そうしてビアンカが服も着てここで普通に生活し始めると、あらたうららしんえいも、彼女のことを警戒しなくなっていった。普通に生活しつつ自分達に害意を向けないとなると、<敵>じゃないと判断できるからだろうな。


よかった。


まどかひなたもすっかり平然としてる。積極的に近付いてはいかないものの、そんなに怯えてもいない。ビアンカが急に動いたりしなければ。


さすがにあの大きさのものが急に動くと怖いようだ。


唯一、じゅんだけはどうも苦手意識が消えないみたいだな。まあこれも、人それぞれってものだろう。ビアンカは敵じゃないし、エレクシア達がいれば敵たりえないが、だからといってすべての事例で敵対しないとは限らない。なにしろ、きょうがくの事例もある。人間に対して敵意を持っている<何か>の影響を受けた個体だって生まれる可能性はこれからもあるからな。


そういうことも考えられる以上、全員が一様に気を許してしまうのは危険と考えることもできると思う。じゅんのように捉える者がいるというのも必要なことだと思うんだ。

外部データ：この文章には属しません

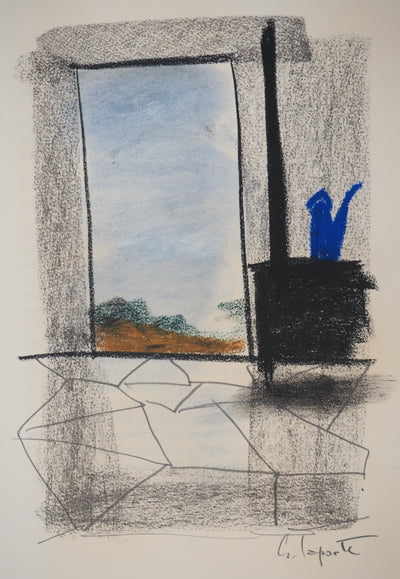 Georges LAPORTE : Fenêtre avec vue, Dessin original au pastel signé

それに、じゅんだって別にビアンカを敵視して攻撃を加えようとしてるわけじゃない。ただ警戒を解くことができないだけだ。それでいい。


全てが自分の思い通りになることはない。それはじゅんにとってもそうだ。あいつにとってはビアンカの存在が非常に邪魔だと思う。家族を危険に曝す不気味な怪物にも思えてるだろう。それを我慢してもらうんだから、こっちもあいつが俺達の思い通りになってくれないことを我慢しなくちゃいけない。<社会>とはそういうものなんだ。誰かにとってだけ都合のいいものにはならない。


社会を思い通りに操っているように思えるのがいたとしても、そういう者に反発するのも必ずいるだろう? そういうことだ。